Non. Un PST vous permet d'entrer au Canada du point de vue de l'immigration, mais il n'annule pas les conditions de votre probation ou libération conditionnelle. Voyager à l'international sans la permission de votre agent de surveillance peut constituer une violation distincte des conditions de votre surveillance. Vous devez vous conformer à la fois au droit de l'immigration canadien et aux exigences de surveillance de votre juridiction d'origine.

Quand commence le délai d'attente de 5 ans pour la réhabilitation criminelle?+

Le délai de 5 ans ne commence qu'après que TOUTES les conditions de la peine ont été remplies, y compris le dernier jour de probation ou de libération conditionnelle, le paiement intégral de toutes les amendes et l'accomplissement de toute autre condition ordonnée par le tribunal. Il ne commence pas à la date de condamnation ou de prononcé de la peine. Ainsi, une amende impayée ou une probation toujours en cours peut empêcher le compte à rebours de commencer, même si l'infraction date de plusieurs années.

Je suis en probation pour une conduite avec facultés affaiblies. Puis-je entrer au Canada?+

C'est plus complexe que bien des gens ne le pensent. La conduite avec facultés affaiblies en vertu de l'article 320.14 du Code criminel comporte une peine maximale de 10 ans (article 320.19); ainsi, pour les infractions commises le 18 décembre 2018 ou après, elle est généralement traitée comme de la grande criminalité en vertu de l'article 36(1) de la LIPR. En probation, les voies de réhabilitation ne sont pas encore ouvertes, de sorte qu'un PST est habituellement la seule voie, et la grande criminalité tend à rendre le dossier plus difficile à plaider. Un agent décide de chaque cas selon ses faits. Nos outils d'équivalence criminelle peuvent vous aider à voir comment une infraction précise peut être assimilée en droit canadien.
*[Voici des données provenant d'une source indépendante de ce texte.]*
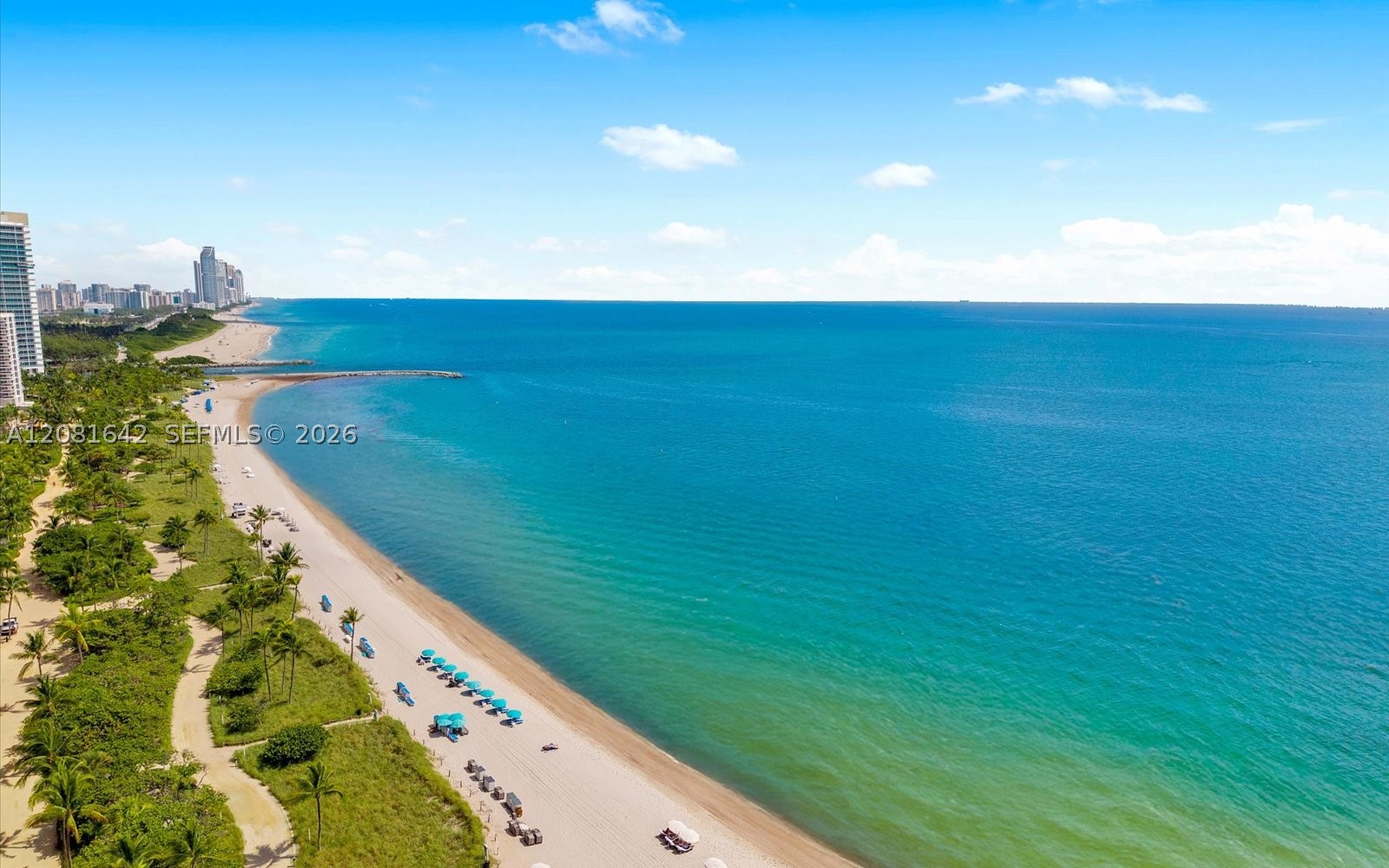 10155 Collins Ave #1504 Bal Harbour, FL 33154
Un pardon ou une radiation américaine supprime-t-il mon interdiction de territoire canadienne?+

Pas automatiquement. Le Canada évalue l'admissibilité en vertu de son propre droit, et un pardon ou une radiation étrangère n'est pas, à lui seul, reconnu aux fins de la LIPR. Le mécanisme prévu à l'article 36(3)(b) de la LIPR qui peut effacer l'effet d'une condamnation vise une suspension du casier en vertu de la Loi sur le casier judiciaire du Canada ou un acquittement définitif, qui sont canadiens et non étrangers. Si votre dossier a été effacé à l'étranger, un agent peut tout de même tenir compte de la conduite sous-jacente; il vaut donc la peine de confirmer comment elle est traitée avant de voyager.
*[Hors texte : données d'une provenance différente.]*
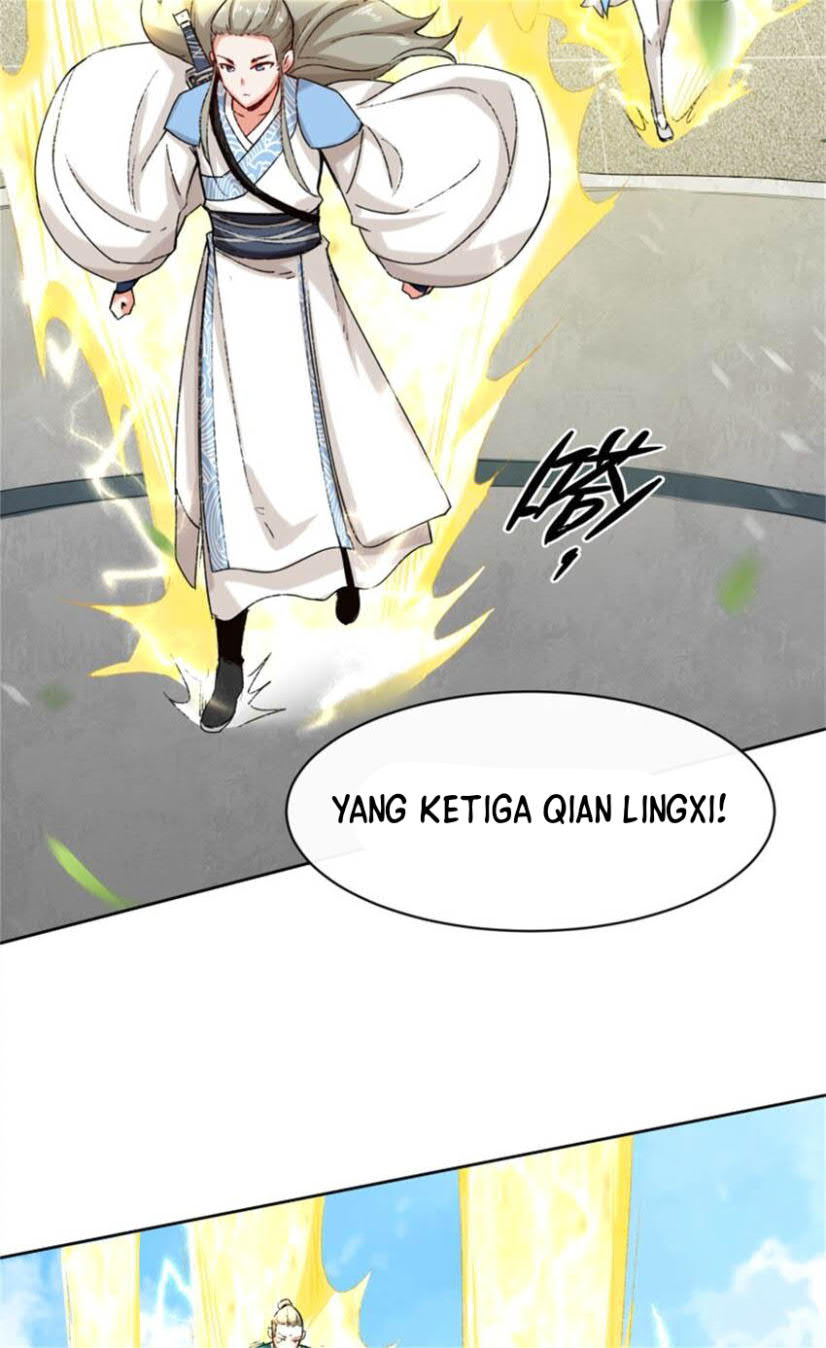 Endless devourer Chapter 16 Gambar 12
Puis-je demander un PST en ligne, ou seulement à la frontière?+

Une personne sous surveillance dispose généralement de deux voies : demander un PST à un point d'entrée, ou présenter une demande à l'avance à un bureau des visas canadien (ce qui peut inclure une demande en ligne ou papier selon votre situation). Présenter une demande à l'avance est habituellement préférable, car cela donne plus de certitude qu'une décision discrétionnaire rendue à la frontière le jour de votre arrivée. Vérifiez les canaux de demande actuels pour votre pays auprès d'IRCC.

Ai-je besoin de données biométriques pour une demande de PST?+

De nombreux demandeurs de résidence temporaire doivent fournir des données biométriques (empreintes digitales et photo), et les frais de biométrie sont de 85 $ CA au 1er décembre 2025 (confirmez le tarif actuel et si la biométrie s'applique à vous auprès d'IRCC). Leur exigence dépend de votre nationalité, du lieu de votre demande et de vos données biométriques récentes; vérifiez donc les exigences d'IRCC pour votre cas précis.